**Task prompt**
Using the records that appear below, write out exactly the lines from the one with "Dámské běžecké boty" through the one with "Careylee Murray's profile image", keeping both end lines.

**Given data**
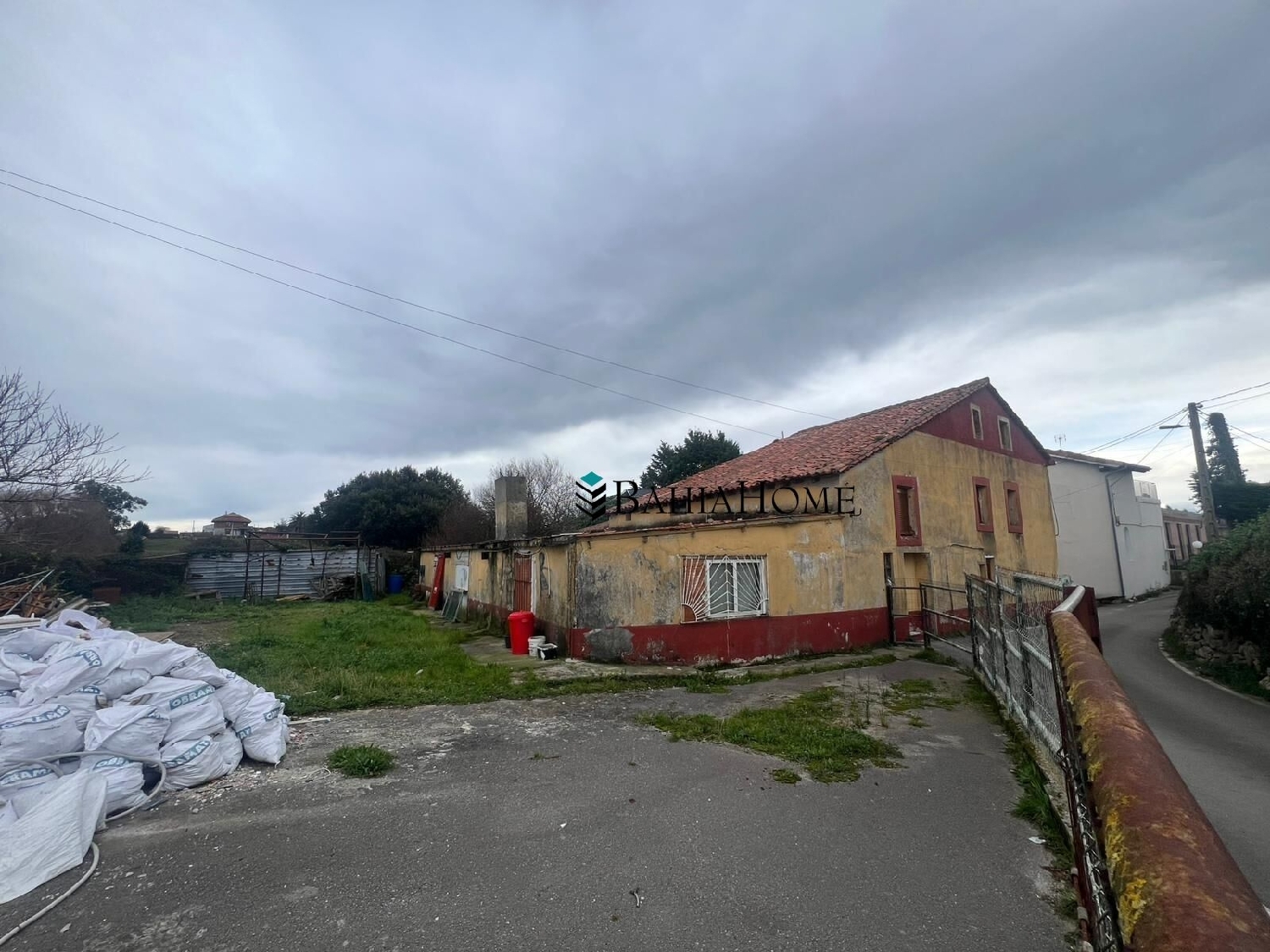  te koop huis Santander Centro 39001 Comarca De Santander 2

...

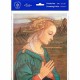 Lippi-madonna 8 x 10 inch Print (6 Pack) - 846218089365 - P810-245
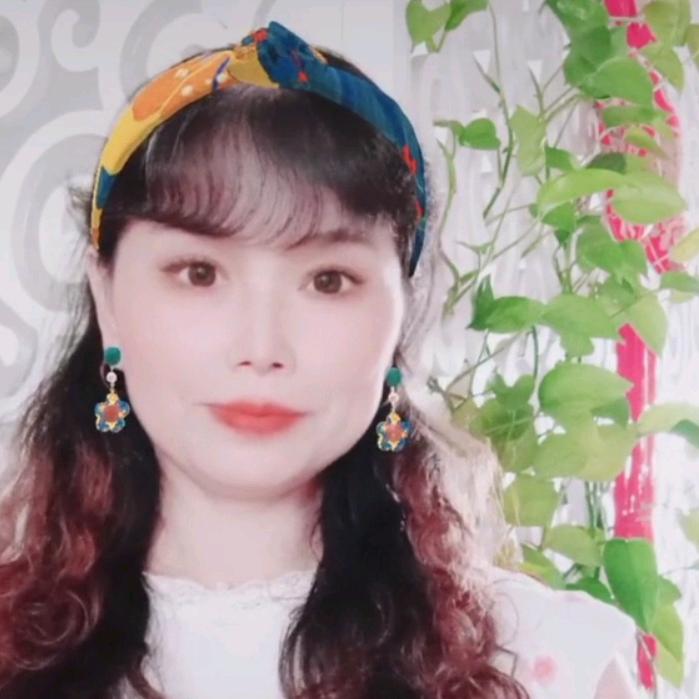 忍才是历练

--

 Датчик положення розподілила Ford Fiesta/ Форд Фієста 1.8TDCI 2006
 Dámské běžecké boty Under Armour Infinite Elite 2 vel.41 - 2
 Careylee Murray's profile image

**Answer section**
 Dámské běžecké boty Under Armour Infinite Elite 2 vel.41 - 2
 Careylee Murray's profile image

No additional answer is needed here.